Home Personal Health Train IN German Chapter Workshop Report

On 12 February 2019 the GO FAIR Personal Health Train (PHT) Implementation Network (IN) German Chapter workshop took place in Berlin.

Organization CommitteeOya Beyan, Oliver Kohlbacher, Stefan Decker, Matthias Löbe, Toralf Kirsten, Holger Stenzhorn, Anja Busch
ChairsOya Beyan, Oliver Kohlbacher, Matthias Löbe, Lukas Zimmermann
Related linksWorkshop agenda (link to pdf-file)

Objectives

The main objective of the workshop was to introduce the Personal Health Train (PHT) approach for improving the reuse and analysis of sensitive data in distributed settings, and to discuss specific needs and use cases as well as strategies to achieve sustainable solutions on a national level.

The workshop had been designed to serve as a platform to bring communities together including but not limited to Medical Informatics Initiative projects, NFDI (National Research Data Infrastructure) networks, research data infrastructures, European networks, and projects.

The workshop consisted of four sessions. The first session was dedicated to introducing the GO FAIR PHT Implementation Network and the existing PHT concepts, technologies, and reference implementations. In the next session, different communities such as rare diseases, ELIXIR, and FAIR4Health platform presented their perspectives. The third session was designed as a collaborative discussion platform, where participants teamed up in three working groups, namely strategic vision, technical infrastructure, and use cases. The last session consisted of presentations of working groups and discussing a joint vision.

With this workshop, the GO FAIR International Support and Coordination Office established a German PHT chapter. The German chapter will work together with the International PHT implementation network. The office will support all activities that enable the building of a PHT implementation network in Germany. Stakeholders from Germany are invited to actively join the network and collaboratively work on future solutions for the PHT German chapter.

Content

Chairs opened the workshop, welcomed the participants and addressed the agenda.

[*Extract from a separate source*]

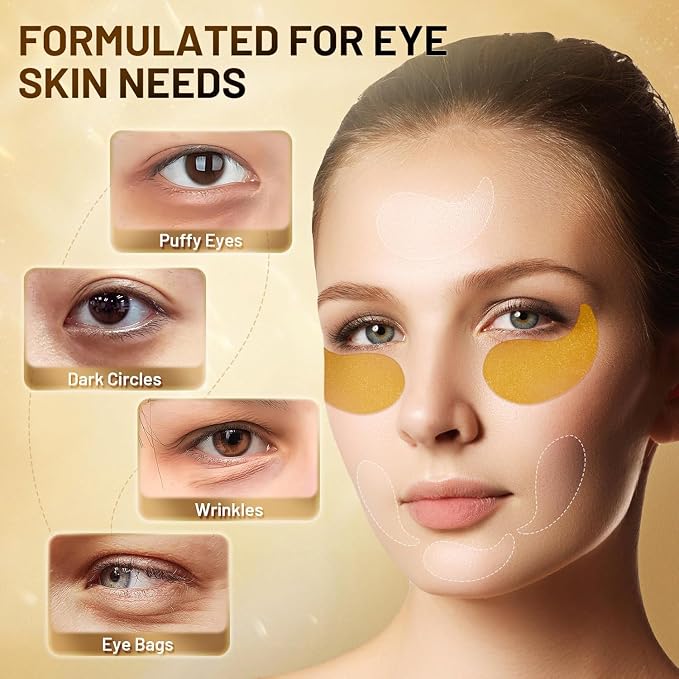 Under Eye Patches Masks - Image 3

Session 1: Introduction of the GO FAIR PHT Implementation Network

Roman Siddiqui on behalf of TMF e.V., Berlin welcomed the participants and presented the goals, membership landscape and working groups of the TMF. The role of the TMF in standardization and quality control was emphasized.

Welcome_GO FAIR_TMF

 

Anja Busch represented the German GO FAIR International Support & Coordination office on behalf of Klaus Tochtermann. She presented the objectives and organizational structure of the GO FAIR initiative, and introduced the GO BUILD, GO CHANGE, and GO TRAIN tracks and rules of engagement to implementation networks. She also informed participants on the available support.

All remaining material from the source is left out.